This is where we live now. A small beach community in Manawatu, New Zealand. Himi as I call it has a wonderful eclectic variety of proper beach baches and more conventional homes, and the largest sand dune in the Southern Hemisphere apparently.
The phrase, ‘a picture paints a thousand words’ is best applied here. Here is a collage of Himatangi Beach images. I love it here.
This is the road to my place, ok, it’s not the only road, but it is a road.
I was looking at my photography blog and realised I hadn’t put a post up for a while. I was also considering the rubbish weather we have had over the past few weeks. I seem to remember the sun coming out, and staying out all day one Saturday.
For no good reason I decided to create a new post about one of our most iconic mountains. I titled this ‘The Lonely Mountain’ because Mt Taranaki occupies a place all by itself, far from other mountains. There is a Maori legend you might like to look up about how Mt Taranaki got all the way over to where it is, so far from the other large Volcanoes in the North Island. Mt Taranaki is actually a live volcano but it’s last activity was in 1860. It’s a pleasingly symmetrical mountain.

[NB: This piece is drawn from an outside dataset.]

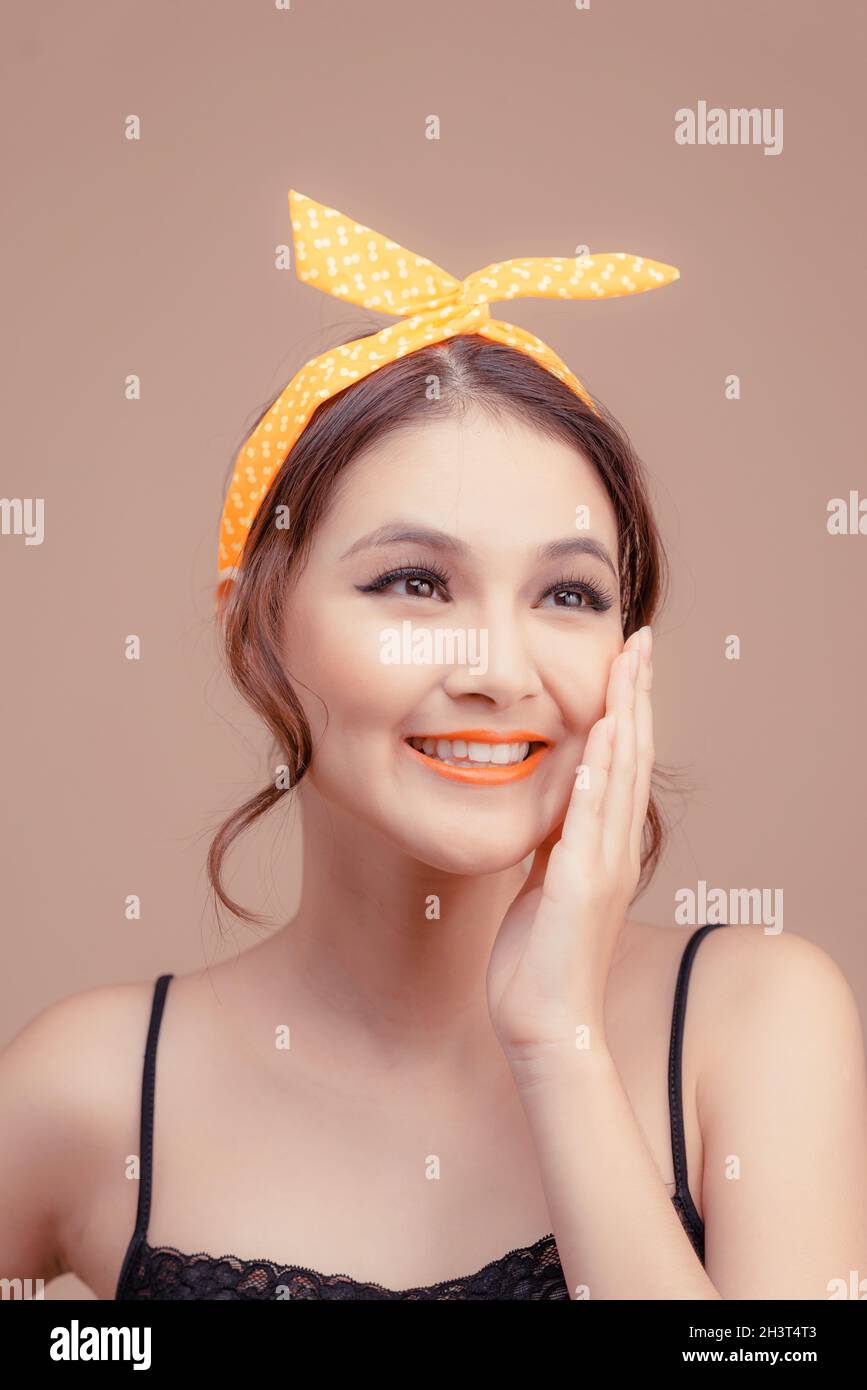 Porträt von schönen schönen jungen Frau zärtlich flirtet lächelnd, Handfläche in der Nähe der Wange isoliert über rosa Hintergrund Stockfoto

So there you go. Epic Symmetrical live volcano, all by itself in Taranaki. Mt ‘Naki, as I like to call it, which is probably frowned upon by those who value pronouncing things properly, is mostly covered in cloud, so this lot took a while to accumulate. The mountain actually makes it’s own clouds. You’ll see that happening while you are driving around looking for a good place to take it’s picture.
I recently had to return to England over Christmas, I say had to, I was happy to go of course. It’s been over 3 years since I returned home to New Zealand from my 20 plus years living in England. I was interested to see how it would look as a visitor, rather than a resident. I took my camera. What England mostly looked like, was foggy, although we did have a sunny day, so that was nice. Images in no particular order.
So not the usual touristy shots perhaps. It’s actually quite hard to take a photo a bit different to what is obviously on offer and on a million postcards. My lingering impression of my revisit to England though was that I’m very pleased I live in New Zealand. It’s good to be home.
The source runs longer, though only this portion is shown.